Get there: Take the Hakone Tozan Train from Hakone-Yumoto, Tonosawa, Ohiradai, Miyanoshita, Kowakudani, or Chokoku-no-Mori stations to Gora, the terminus. Switch to the Hakone Tozan Cablecar and ride to Sounzan, the terminus. Switch to the Hakone Ropeway and ride one stop to Owakudani. (These stations are very small and difficult to get lost in, but if you need help, staff in Hakone are uncommonly accustomed to helping English-speaking tourists. Just have the word “Owakudani” handy.) To get to the pirate ships from Owakudani, take the Hakone Ropeway to Togendai pier. You can choose a “cruise” to Motohakone or Hakonemachi, where you can take a variety of busses that run as far as Gotenba, Odawara, Mishima, and Numazu.
Price: The full loop starting at Hakone Yumoto is 3780 yen ($32.90 USD) if you buy regular tickets at each station; however, I’d suggest buying a Hakone Free Pass instead. It’ll cover all the trains, busses, cablecars, ropeways, and cruiseboats you need within the Hakone area for either two or three days, starting in either Shinjuku or Odawara, depending on the “flavor” you pick.
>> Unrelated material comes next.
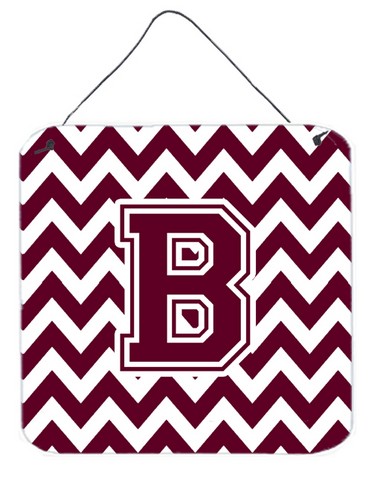 Letter B Chevron Maroon & White Wall or Door Hanging Prints, 6 x 0.02 x 6 in.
For example, our two-day passes from Odawara included our fare for the loop through Owakudani and our busses from Hakone Yumoto to Mishima Station to get out of the area: a 5760 yen trip ($50.15 USD) for 3900 yen ($33.96 USD).
- Buy the Hakone Free Pass! Seriously. You’re just throwing away money if you pay station-by-station. The pass also comes with a super helpful map with plenty of English.
- Try the black eggs at Owakudani. Boiled in the sulphuric hot springs on the mountain, they’re said to grant you seven additional years of life for each on you eat. Although scary on the outside with their black shells, once peeled they’re pretty much your standard hard-boiled eggs. You can pick them up with pretty much every vendor on the mountain, and watch them shuttle down from the springs to the stores using their own little ropeway.
- I was too cold to try this, but Owakudani is also known for it’s wasabi ice cream. I’ve heard that it’s much more sweet than spicy, but I can’t say from firsthand experience. If you try it, let me know! I’m curious!
Based on my diary entries from November 11, 2013.